Source records
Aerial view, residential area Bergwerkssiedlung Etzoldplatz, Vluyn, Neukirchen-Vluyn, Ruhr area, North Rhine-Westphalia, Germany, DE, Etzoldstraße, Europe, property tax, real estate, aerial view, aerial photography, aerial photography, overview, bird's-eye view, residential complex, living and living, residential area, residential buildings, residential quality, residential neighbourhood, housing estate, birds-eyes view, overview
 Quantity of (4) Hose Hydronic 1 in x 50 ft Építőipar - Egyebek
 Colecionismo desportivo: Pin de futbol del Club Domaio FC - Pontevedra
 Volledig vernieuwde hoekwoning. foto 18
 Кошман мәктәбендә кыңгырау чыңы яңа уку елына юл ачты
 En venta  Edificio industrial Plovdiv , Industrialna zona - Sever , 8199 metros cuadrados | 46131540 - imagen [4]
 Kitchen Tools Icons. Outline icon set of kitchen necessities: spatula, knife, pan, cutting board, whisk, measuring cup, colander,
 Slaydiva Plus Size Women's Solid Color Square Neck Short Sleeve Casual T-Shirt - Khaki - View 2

# Problem to solve
Return every record in full, word for word.

# Exercise answer
Aerial view, residential area Bergwerkssiedlung Etzoldplatz, Vluyn, Neukirchen-Vluyn, Ruhr area, North Rhine-Westphalia, Germany, DE, Etzoldstraße, Europe, property tax, real estate, aerial view, aerial photography, aerial photography, overview, bird's-eye view, residential complex, living and living, residential area, residential buildings, residential quality, residential neighbourhood, housing estate, birds-eyes view, overview
 Quantity of (4) Hose Hydronic 1 in x 50 ft Építőipar - Egyebek
 Colecionismo desportivo: Pin de futbol del Club Domaio FC - Pontevedra
 Volledig vernieuwde hoekwoning. foto 18
 Кошман мәктәбендә кыңгырау чыңы яңа уку елына юл ачты
 En venta  Edificio industrial Plovdiv , Industrialna zona - Sever , 8199 metros cuadrados | 46131540 - imagen [4]
 Kitchen Tools Icons. Outline icon set of kitchen necessities: spatula, knife, pan, cutting board, whisk, measuring cup, colander,
 Slaydiva Plus Size Women's Solid Color Square Neck Short Sleeve Casual T-Shirt - Khaki - View 2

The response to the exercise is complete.